InProved outlined some key factors of how to successfully close a deal in China.
Strategic Focus and Target Selection
It is important to let investors know that doing a deal is the most appropriate course of action at that particular junction in time.
Finding a suitable target is critical and this can be difficult because of the nature of deal-making when opportunities are aplenty. Navigating the sheer size of the market is a challenge, and understanding geographical and cultural differences require local attention and insights. Foreign companies trying to find the right partner(s) in this environment needs dedicated time and resources, including on-the-ground professional advisors and agents to seek out appropriate targets.
“InProved’s sales team has successfully grown businesses in China in the Energy and Resource sectors. Each of our team member has successfully grown businesses in China, establishing a total contract value of US$20mil for products such as structural products, mining machinery, agricultural and aggregate products.
There are a number of factors to consider when shortlisting targets to conduct due diligence.
Some of these information may be publicly available, but some require the company to approach the target individual/company for further information.
This process will require local presence, knowledge, dedication, along with an understanding of rules and regulations.
InProved is backed by a HKSE company looking to acquire in the Metals and Minerals sector.
Due Diligence is critical in any deal
Getting the information in the right format, language is critical in any deal. Finding the right person to seriously consider the opportunity can be a prolonged adventure. In China, it is important to identify the right person to look at the opportunity as early as possible, so that the person can identify issues/challenges early on. While there are many issues that can be uncovered during the course of the due diligence, it is particular important to find the major issues first and foremost, which can be in the following areas,
Due diligence in China is a stage not just to understand financial, operational performance but also uncover areas whereby regulations, people or additional effort is required to get to the yes/no decision.
Compared to Western due diligence when it’s relatively structured, Chinese investors/companies may have be less structured when conducting DD. There will generally be issues that crop up during the course of DD which can discontinue the process immediately.
Besides government related issues, we found that issues are generally unique. So these needs to be uncovered first and foremost, hence having a dedicated advisor who are already in the Chinese market to provide context and recommend solutions is crucial.

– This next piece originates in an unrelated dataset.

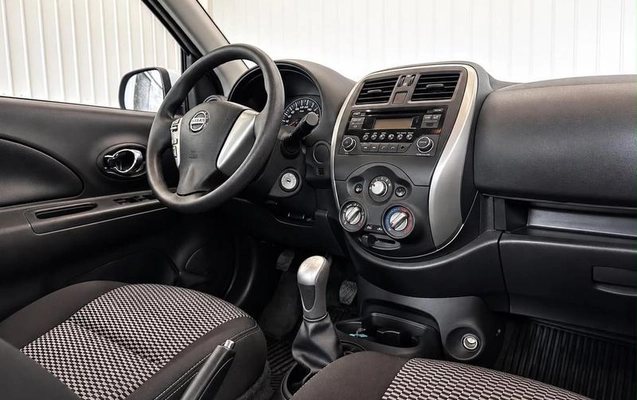 imagem-https://www.socarrao.com.br/sc-vehicle-images-prod/4389391/1792414404198-8567622_13_B_5e882bdd12.jpeg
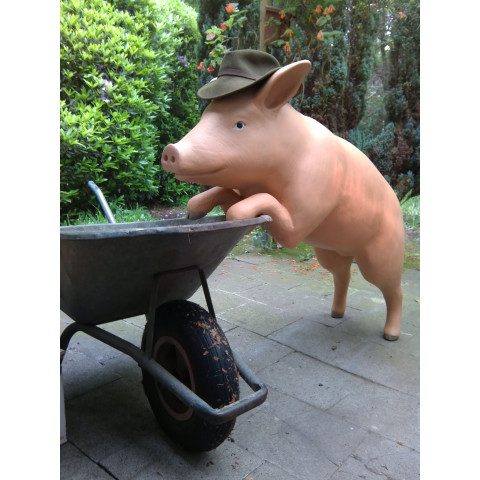 Cochon rose debout en résine 133 cm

We have already drunk the Maotai, reducing your time-to-market. - Johnson Koh, founder InProved Pte Ltd
Setting the right deal structure early and what price it will be will shorten the process. In a minority stake deal, a key part of the negotiation will be treatment of risks identified during due diligence, and how they are incorporated into the structure. This can be factored in through proper protection terms or flexible pricing. This is particular important as China announces tightening of outbound capital in 2017
A good advisory team can be a strong asset during the negotiating process to manage the financial, legal, tax and valuation issues that will be considered in determining the right approach, price and structure.

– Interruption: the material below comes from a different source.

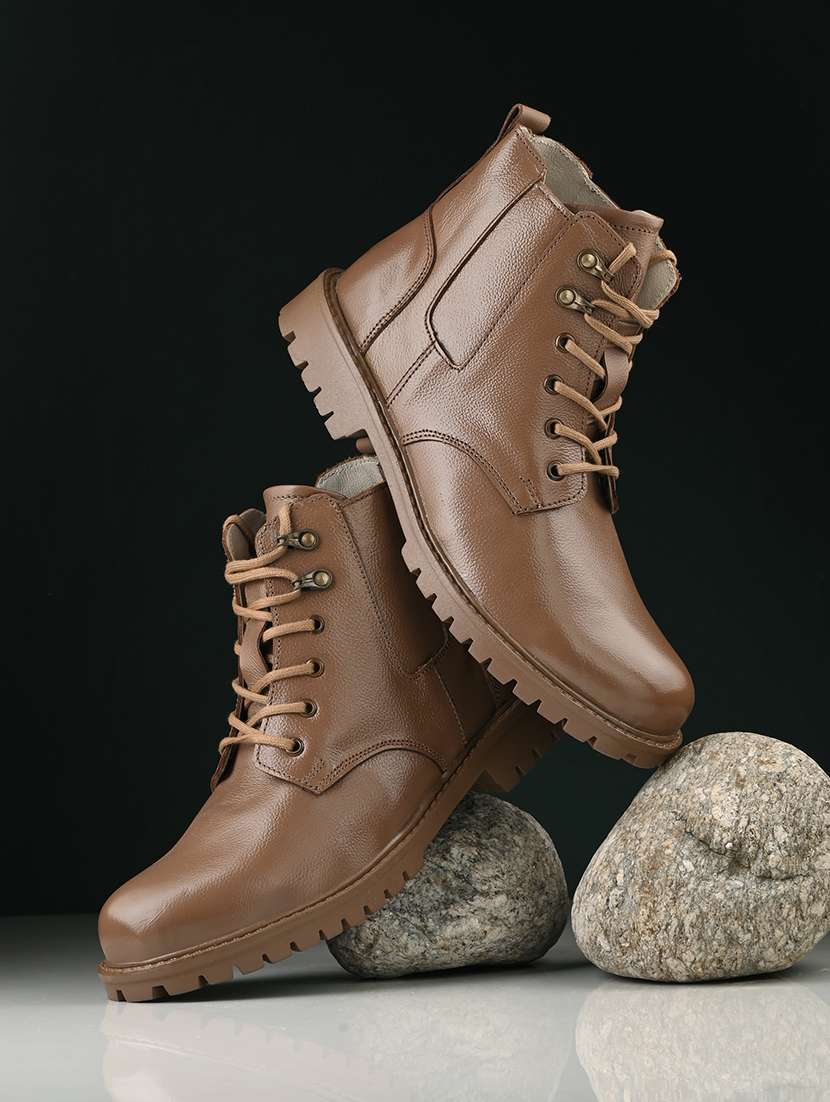 men brown lace up boots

In a majority investment decision, the advisors will be valuable when assessing any issues that may come up during due diligence and recommend whether they impact valuation or if key agreement terms need to be inserted into the termsheet during negotiations.
One chief reason why deals do not go to completion in China is a dedicated and committed approach to draw out the issues. An advisor will be helpful in managing the process and identifying any misconceptions by the buyer.
Preparing for the deal closing also requires a dedicated approach, ensure that relevant supporting documents are correct and agreed by both parties. Deal parties need legal advisors to draft and finalise sales and purchase agreements. This document is typically prepared upfront and consistent for all minority stakeholders. The document can be specially prepared in a case of a majority shareholder undertaking. For instance, it will contain rights or indemnification to protect the company from post-deal results.